- MATERIAL SHOWN
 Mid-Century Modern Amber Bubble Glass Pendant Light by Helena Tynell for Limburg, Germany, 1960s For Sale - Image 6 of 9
* * *
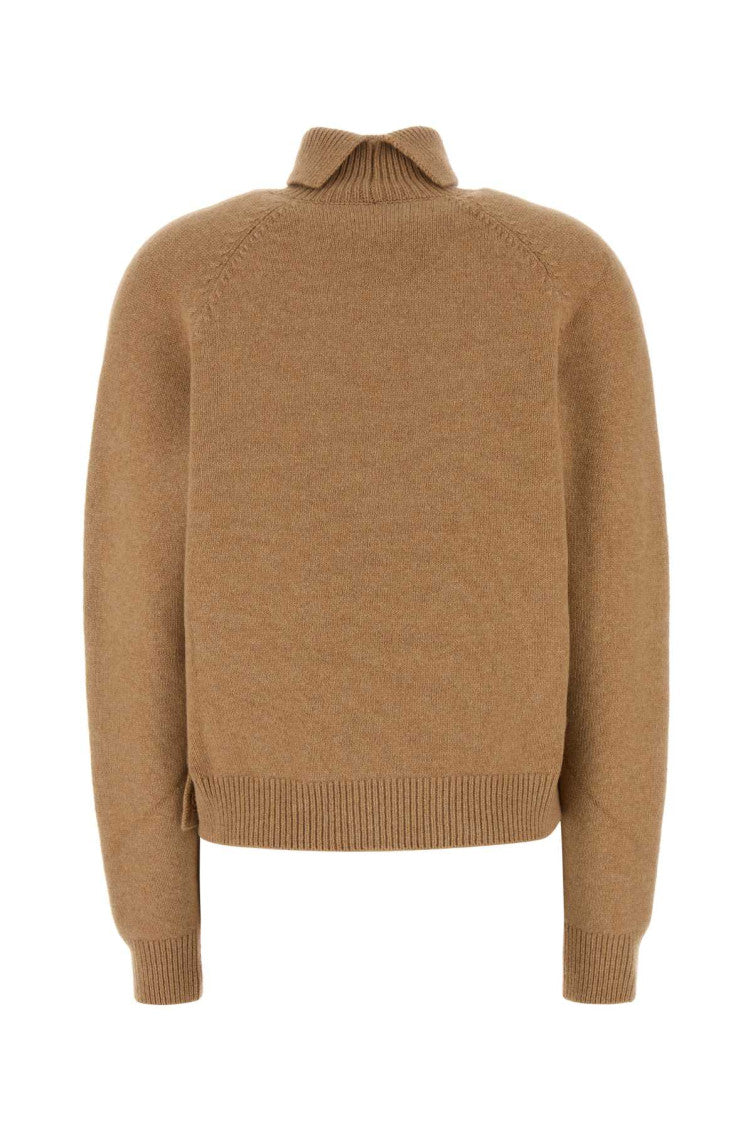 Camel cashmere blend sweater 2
* * *
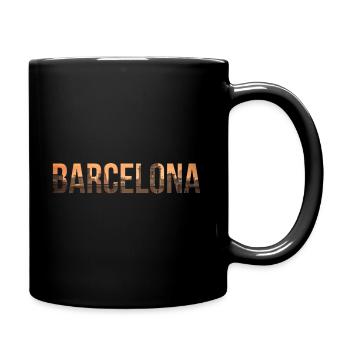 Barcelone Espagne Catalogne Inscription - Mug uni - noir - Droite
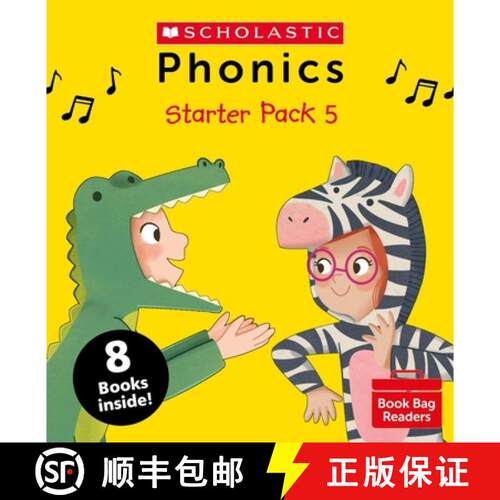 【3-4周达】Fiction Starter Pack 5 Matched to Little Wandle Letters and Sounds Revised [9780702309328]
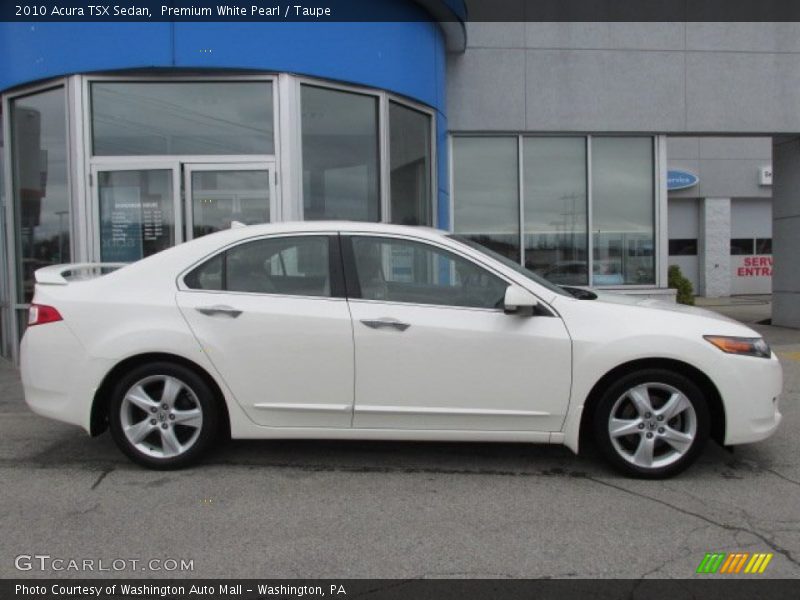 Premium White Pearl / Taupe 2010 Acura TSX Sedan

- TASK DESCRIPTION
I'd like the lines above repeated exactly, from the one that contains "Sounds Revised [9780702309328]" through the one that contains "Premium White Pearl", with no pictures.

- REPLY TO THE EXERCISE
 【3-4周达】Fiction Starter Pack 5 Matched to Little Wandle Letters and Sounds Revised [9780702309328]
 Premium White Pearl / Taupe 2010 Acura TSX Sedan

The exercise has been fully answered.